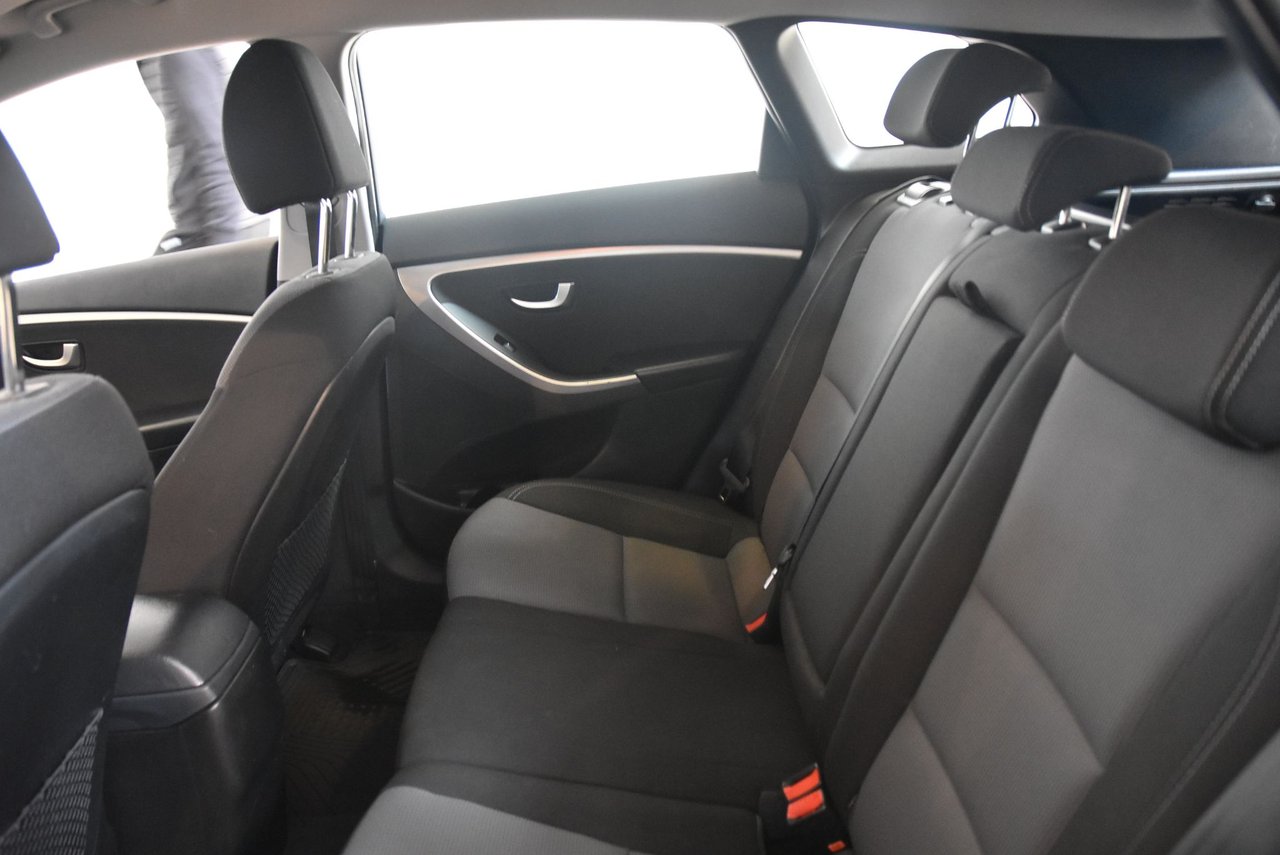 Hyundai i30 Kombi 1.6 CRDi Automatic, 110hp, 2013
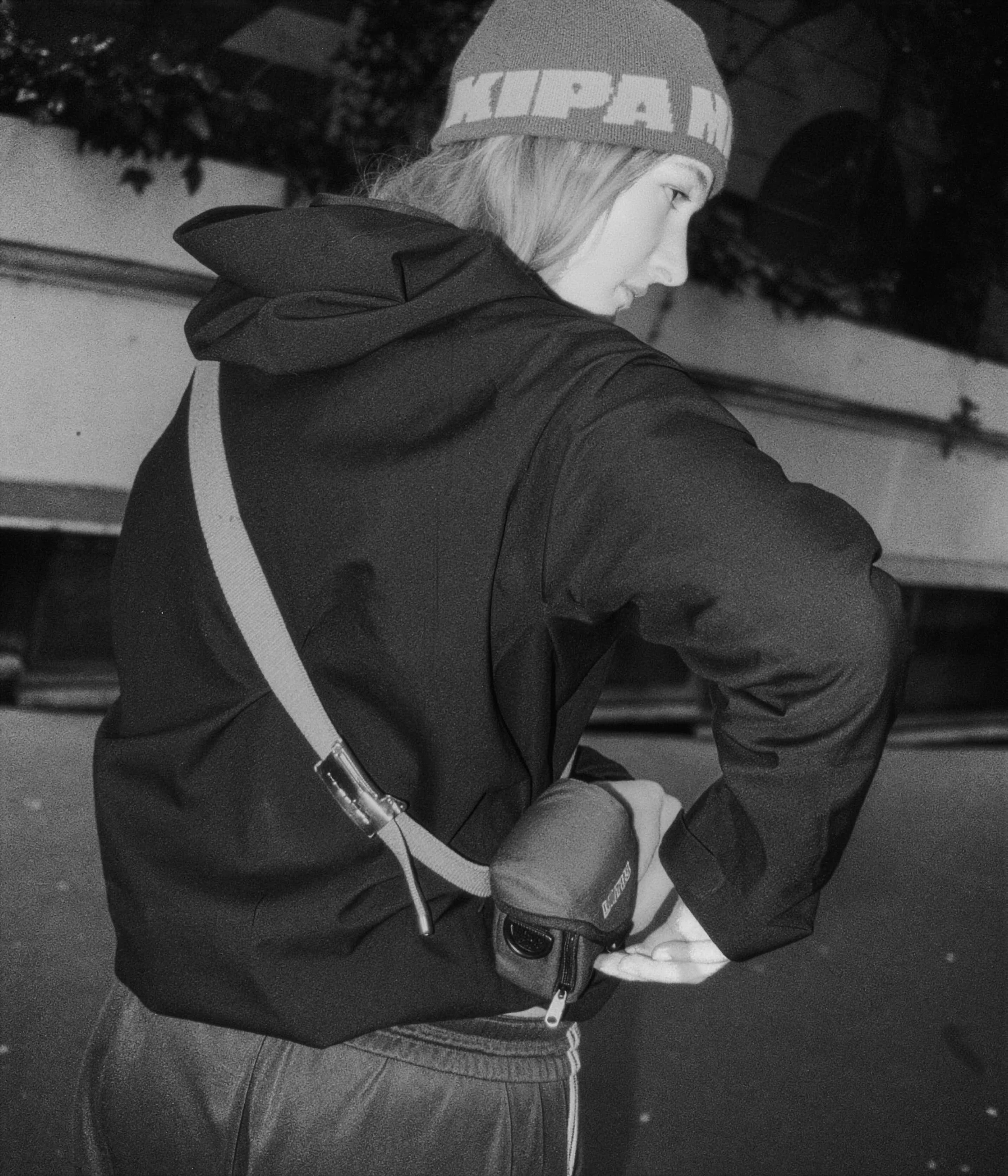 025.jpg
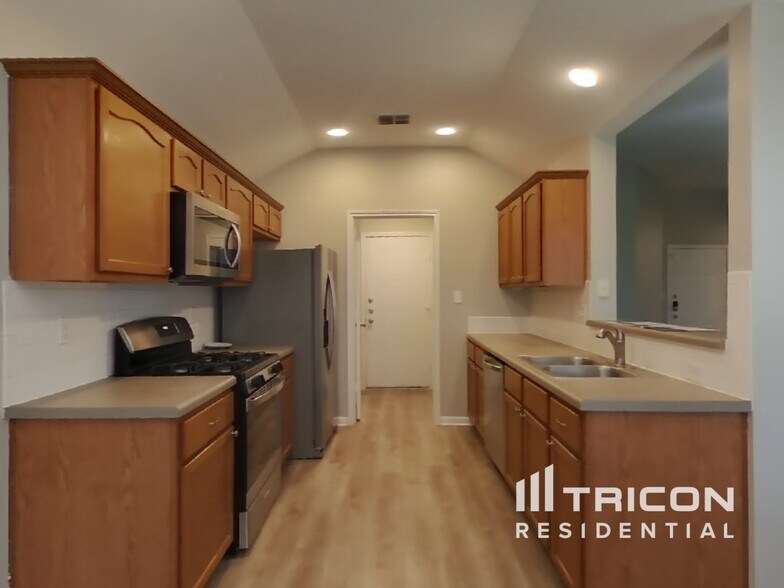 Building Photo - 8414 Favero Cove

# EXERCISE DIRECTIONS
The material above is to be set down exactly, with pictures removed.

# RESULT
 Hyundai i30 Kombi 1.6 CRDi Automatic, 110hp, 2013
 025.jpg
 Building Photo - 8414 Favero Cove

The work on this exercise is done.